Only the lines below, from the one with "Old Navy: Light Blue Bubble Puffer Vest" through the one with "Puma hoodie Sweater", are to be written out, exactly.

------------------------------------------------------------------------

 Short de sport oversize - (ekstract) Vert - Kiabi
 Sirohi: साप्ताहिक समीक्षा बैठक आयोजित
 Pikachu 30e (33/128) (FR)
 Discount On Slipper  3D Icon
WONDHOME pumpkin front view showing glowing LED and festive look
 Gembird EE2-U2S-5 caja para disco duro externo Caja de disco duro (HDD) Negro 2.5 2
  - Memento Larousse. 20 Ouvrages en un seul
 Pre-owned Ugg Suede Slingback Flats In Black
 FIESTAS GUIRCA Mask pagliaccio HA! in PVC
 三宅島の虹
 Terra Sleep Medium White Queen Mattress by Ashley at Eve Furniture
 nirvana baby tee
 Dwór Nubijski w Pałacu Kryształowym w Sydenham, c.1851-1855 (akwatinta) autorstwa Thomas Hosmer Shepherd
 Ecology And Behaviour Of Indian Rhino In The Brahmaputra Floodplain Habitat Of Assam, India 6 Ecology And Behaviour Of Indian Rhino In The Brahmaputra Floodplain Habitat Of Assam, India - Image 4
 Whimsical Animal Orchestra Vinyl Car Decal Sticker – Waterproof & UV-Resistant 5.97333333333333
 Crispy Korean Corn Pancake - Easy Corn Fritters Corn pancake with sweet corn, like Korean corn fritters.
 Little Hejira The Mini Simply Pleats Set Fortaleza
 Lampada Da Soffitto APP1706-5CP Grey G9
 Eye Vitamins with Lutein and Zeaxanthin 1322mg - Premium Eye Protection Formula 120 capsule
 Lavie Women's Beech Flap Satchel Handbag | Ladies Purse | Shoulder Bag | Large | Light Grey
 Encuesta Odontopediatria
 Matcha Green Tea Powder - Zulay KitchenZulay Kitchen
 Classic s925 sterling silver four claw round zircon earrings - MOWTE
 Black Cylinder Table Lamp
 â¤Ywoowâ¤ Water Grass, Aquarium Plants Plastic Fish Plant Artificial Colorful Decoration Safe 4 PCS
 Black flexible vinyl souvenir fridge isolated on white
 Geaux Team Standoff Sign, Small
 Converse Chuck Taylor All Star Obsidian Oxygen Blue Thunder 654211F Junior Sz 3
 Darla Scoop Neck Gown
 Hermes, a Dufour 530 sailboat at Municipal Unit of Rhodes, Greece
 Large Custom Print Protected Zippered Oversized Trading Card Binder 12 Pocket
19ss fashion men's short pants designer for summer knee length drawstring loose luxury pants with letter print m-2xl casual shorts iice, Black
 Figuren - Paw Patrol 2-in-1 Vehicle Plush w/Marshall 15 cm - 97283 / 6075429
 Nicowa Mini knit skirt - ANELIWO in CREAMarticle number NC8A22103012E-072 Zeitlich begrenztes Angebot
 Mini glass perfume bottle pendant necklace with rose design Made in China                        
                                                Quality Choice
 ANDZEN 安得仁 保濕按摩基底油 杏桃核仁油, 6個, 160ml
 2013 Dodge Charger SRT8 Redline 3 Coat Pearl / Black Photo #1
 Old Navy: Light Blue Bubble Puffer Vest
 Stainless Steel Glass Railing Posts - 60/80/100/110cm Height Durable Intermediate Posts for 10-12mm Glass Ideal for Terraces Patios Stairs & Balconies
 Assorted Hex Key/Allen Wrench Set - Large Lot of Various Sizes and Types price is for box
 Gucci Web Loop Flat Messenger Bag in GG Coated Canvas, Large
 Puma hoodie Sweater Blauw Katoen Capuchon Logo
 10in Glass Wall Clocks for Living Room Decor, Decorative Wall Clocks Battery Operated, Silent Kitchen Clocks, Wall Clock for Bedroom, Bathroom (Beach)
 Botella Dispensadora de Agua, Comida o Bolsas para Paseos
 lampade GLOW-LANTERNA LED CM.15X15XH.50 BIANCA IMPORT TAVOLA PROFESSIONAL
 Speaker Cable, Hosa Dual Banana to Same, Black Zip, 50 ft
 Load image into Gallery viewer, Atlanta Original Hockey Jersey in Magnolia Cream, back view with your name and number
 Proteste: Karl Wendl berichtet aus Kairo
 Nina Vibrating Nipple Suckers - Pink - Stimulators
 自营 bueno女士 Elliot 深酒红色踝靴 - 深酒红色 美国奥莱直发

------------------------------------------------------------------------

**Answer below**
 Old Navy: Light Blue Bubble Puffer Vest
 Stainless Steel Glass Railing Posts - 60/80/100/110cm Height Durable Intermediate Posts for 10-12mm Glass Ideal for Terraces Patios Stairs & Balconies
 Assorted Hex Key/Allen Wrench Set - Large Lot of Various Sizes and Types price is for box
 Gucci Web Loop Flat Messenger Bag in GG Coated Canvas, Large
 Puma hoodie Sweater Blauw Katoen Capuchon Logo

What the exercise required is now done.